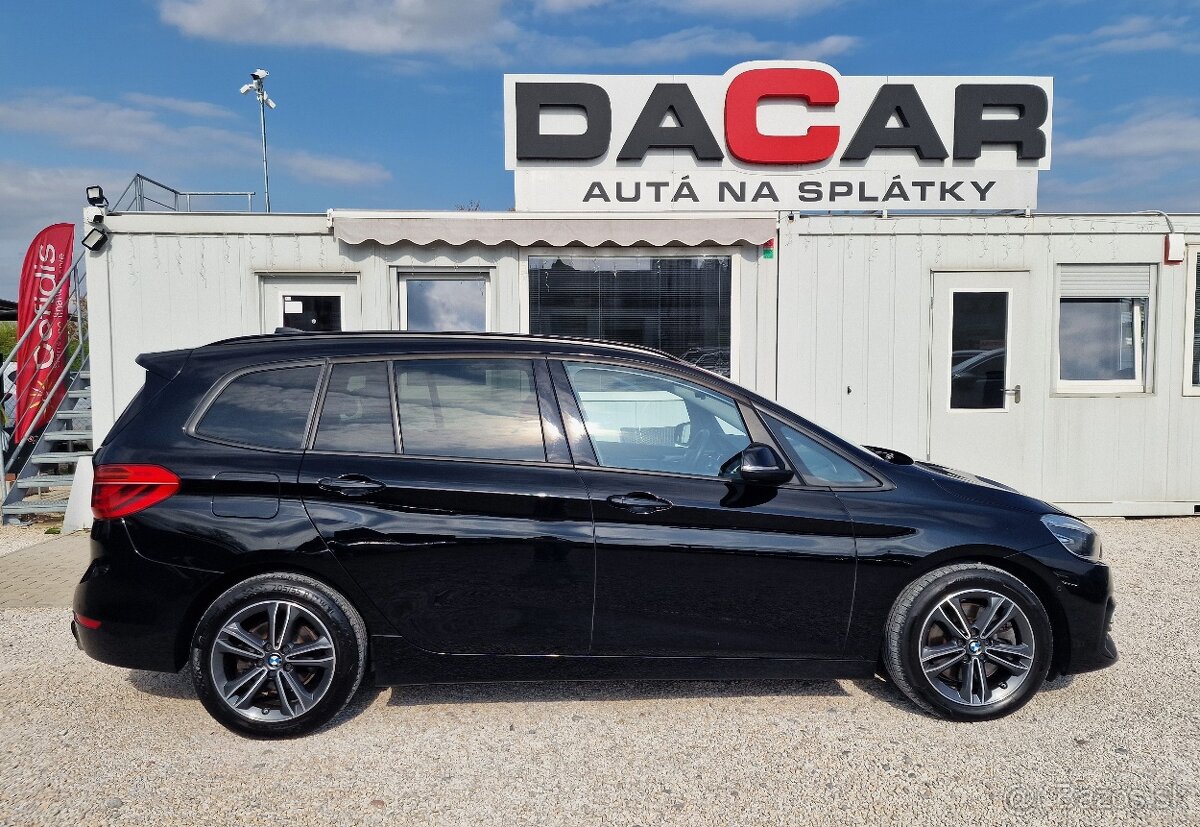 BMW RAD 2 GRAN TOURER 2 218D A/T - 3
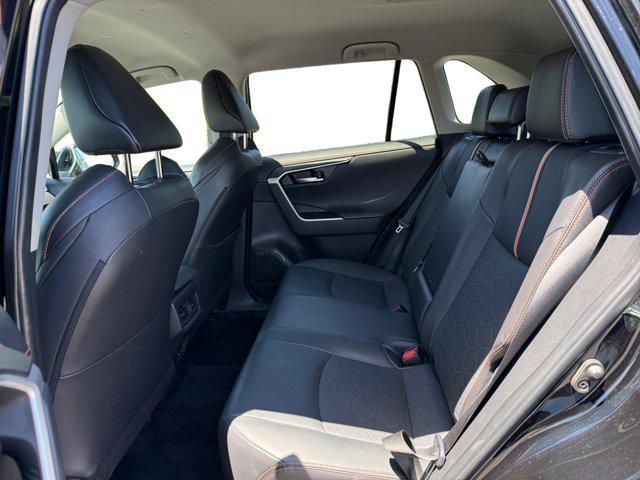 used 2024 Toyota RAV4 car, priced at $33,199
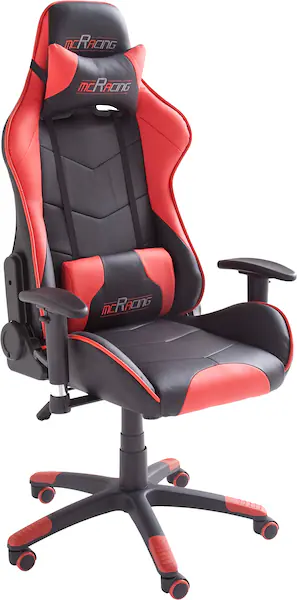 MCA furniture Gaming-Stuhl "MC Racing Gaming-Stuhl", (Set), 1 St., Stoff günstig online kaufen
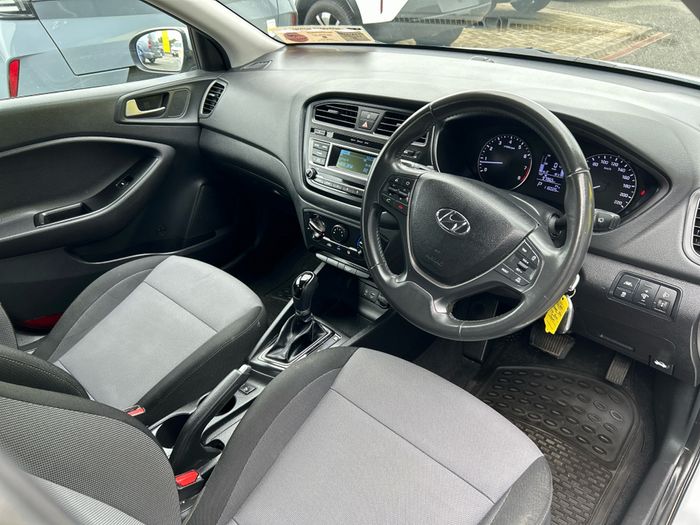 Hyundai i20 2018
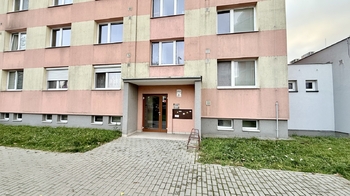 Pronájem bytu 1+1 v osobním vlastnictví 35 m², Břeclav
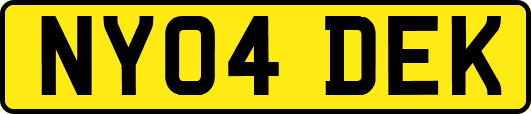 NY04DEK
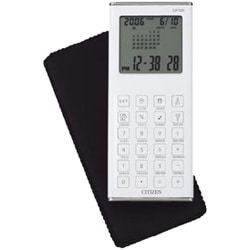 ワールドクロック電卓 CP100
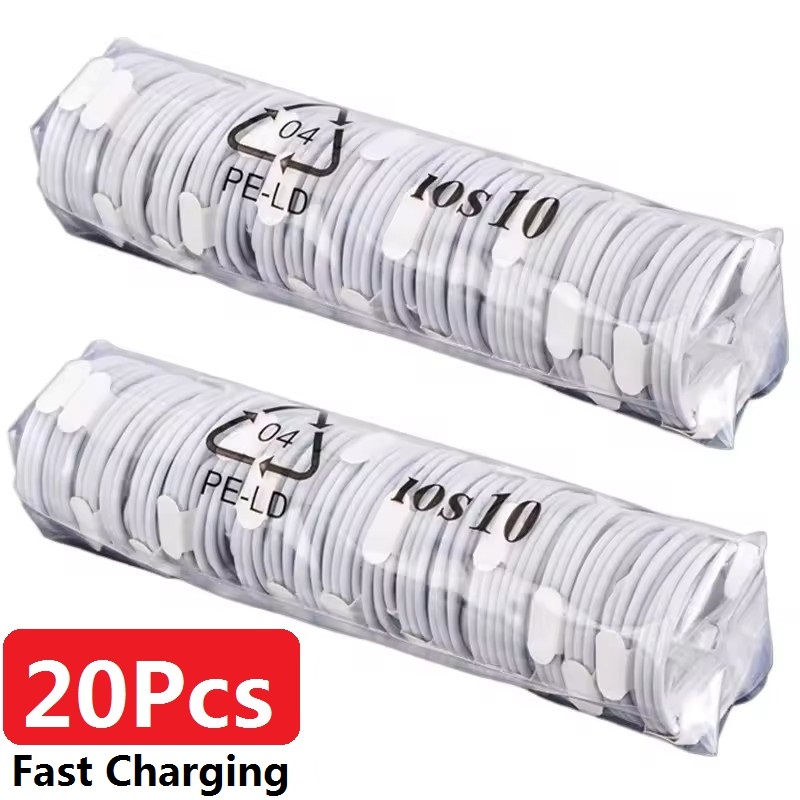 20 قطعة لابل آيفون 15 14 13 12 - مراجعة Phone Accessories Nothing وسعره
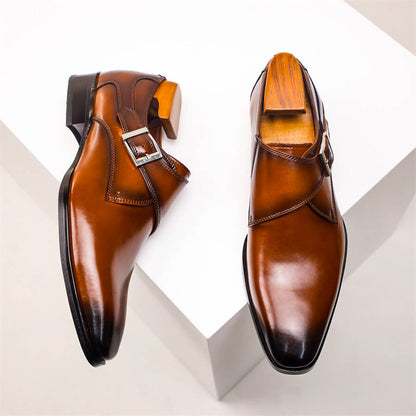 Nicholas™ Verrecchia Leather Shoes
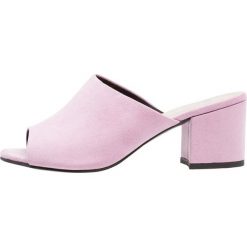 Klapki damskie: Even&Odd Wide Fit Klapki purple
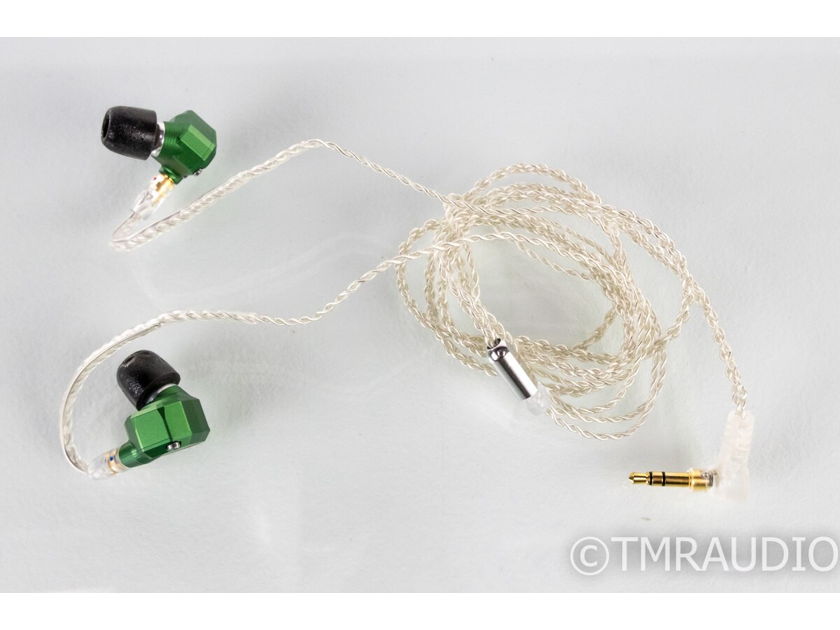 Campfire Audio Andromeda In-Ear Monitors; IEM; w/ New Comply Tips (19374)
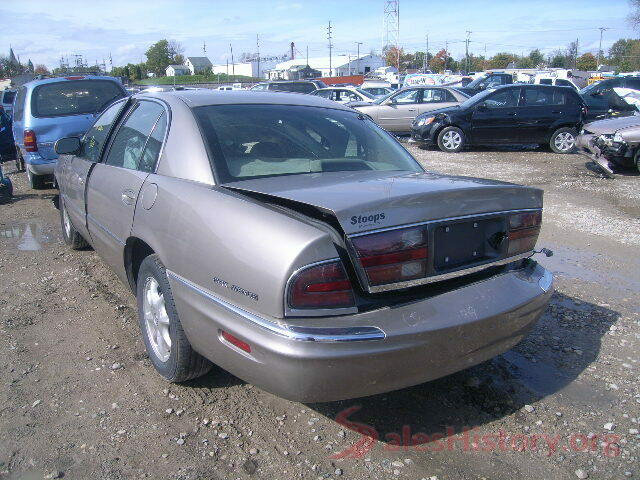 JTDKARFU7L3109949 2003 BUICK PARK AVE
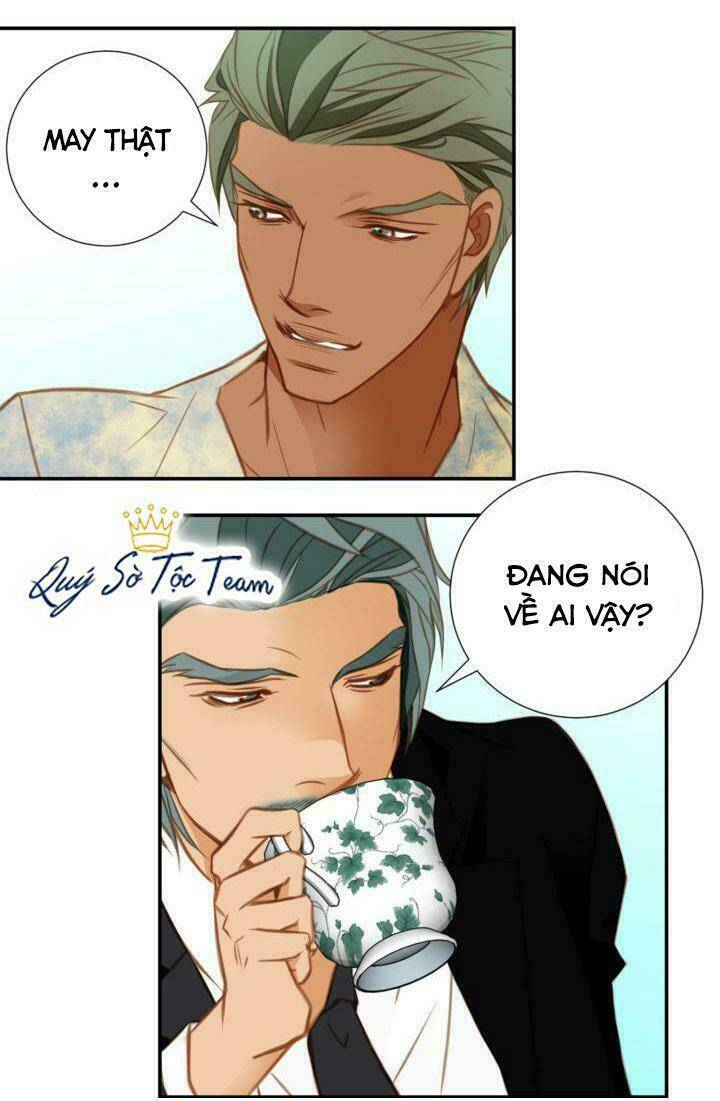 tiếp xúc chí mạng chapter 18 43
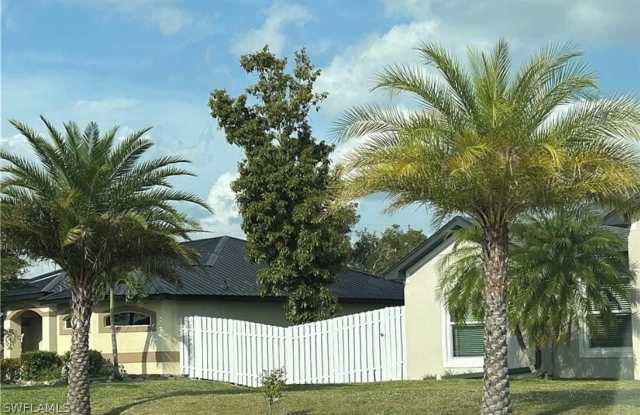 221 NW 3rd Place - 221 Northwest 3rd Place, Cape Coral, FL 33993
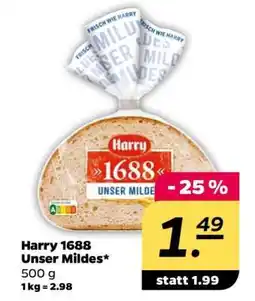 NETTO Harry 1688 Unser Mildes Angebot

# About this exercise
Can you retype every record above exactly, leaving out the pictures?

# Response
 BMW RAD 2 GRAN TOURER 2 218D A/T - 3
 used 2024 Toyota RAV4 car, priced at $33,199
 MCA furniture Gaming-Stuhl "MC Racing Gaming-Stuhl", (Set), 1 St., Stoff günstig online kaufen
 Hyundai i20 2018
 Pronájem bytu 1+1 v osobním vlastnictví 35 m², Břeclav
 NY04DEK
 ワールドクロック電卓 CP100
 20 قطعة لابل آيفون 15 14 13 12 - مراجعة Phone Accessories Nothing وسعره
 Nicholas™ Verrecchia Leather Shoes
 Klapki damskie: Even&Odd Wide Fit Klapki purple
 Campfire Audio Andromeda In-Ear Monitors; IEM; w/ New Comply Tips (19374)
 JTDKARFU7L3109949 2003 BUICK PARK AVE
 tiếp xúc chí mạng chapter 18 43
 221 NW 3rd Place - 221 Northwest 3rd Place, Cape Coral, FL 33993
 NETTO Harry 1688 Unser Mildes Angebot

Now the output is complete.